Klavierkonzert Nr. 3
c-Moll op. 37
Die Reihenfolge, in der Beethovens Klavierkonzerte veröffentlicht worden sind, sagt nicht unbedingt etwas über die Chronologie der Entstehung aus. Das Konzert op. 19 war jedenfalls früher als das op. 15 vollendet. Und das c-Moll-Konzert, das etwa gleichzeitig mit den »Eroica«-Variationen den letzten Schliff erhalten hat, geht auf Entwürfe zurück, die sich in den Skizzenbüchern von 1796 finden, also sieben Jahre älter waren. Die Sätze I und II waren denn auch bereits um die Jahrhundertwende vollendet. Aber da Finale maj, erst kurz vor der Uraufführung in der legendären Akademie am 5. April 1803 im Theater an der Wien Form an. Vor der Drucklegung nimmt Beethoven dann noch einmal Veränderungen vor. 1809 schreibt er für seinen prominenten Schüler, den Erzherzog Rudolph, eine Kadenz zum ersten Satz nieder.

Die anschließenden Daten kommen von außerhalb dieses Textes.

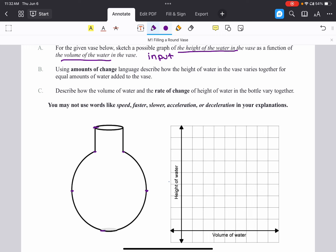When we're thinking about amounts of change, we're asking: for equal amounts of water added, what's happening to the water level? I like to mark off some key parts of the graph where there are changes in the vase that would result in changes to how the height is changing. The first key point is always the bottom — I call that point A — where there is no water and therefore no height, giving us the point (0, 0).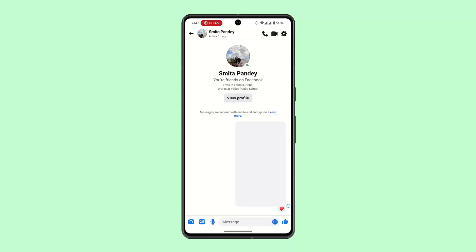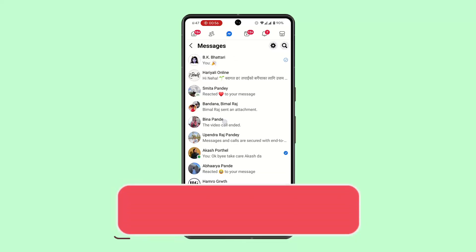All you need to do is go ahead and initiate it. If you have not enabled the permission, make sure to enable that as well, and you'll have successfully video called a person through Facebook Lite. That is how it works.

Für die Zeitgenossen hat Beethoven mit diesem Werk das vorbildliche Klavierkonzert schlechthin vorgelegt. Durchaus »pathetisch« wie die entsprechend benannte Sonate in derselben Tonart, klassisch perfekt in der Formgebung, doch voll romantischer Empfindungen - schon zum geheimnisvollen Beginn, der unzweifelhaft auf den Beginn von Mozarts c-Moll-Konzert anspielt.
Nach den dramatischen Aufwallungen des Kopfsatzes bietet das in der weit entfernten Tonart E-Dur stehende »Largo« eine weltentrückte Klang-Oase, die wiederum verwandt mit Mozart'schen Sätzen in derselben Tonart ist, denken wir an das berühmte Terzett aus dem ersten Akt von Così fan tutte.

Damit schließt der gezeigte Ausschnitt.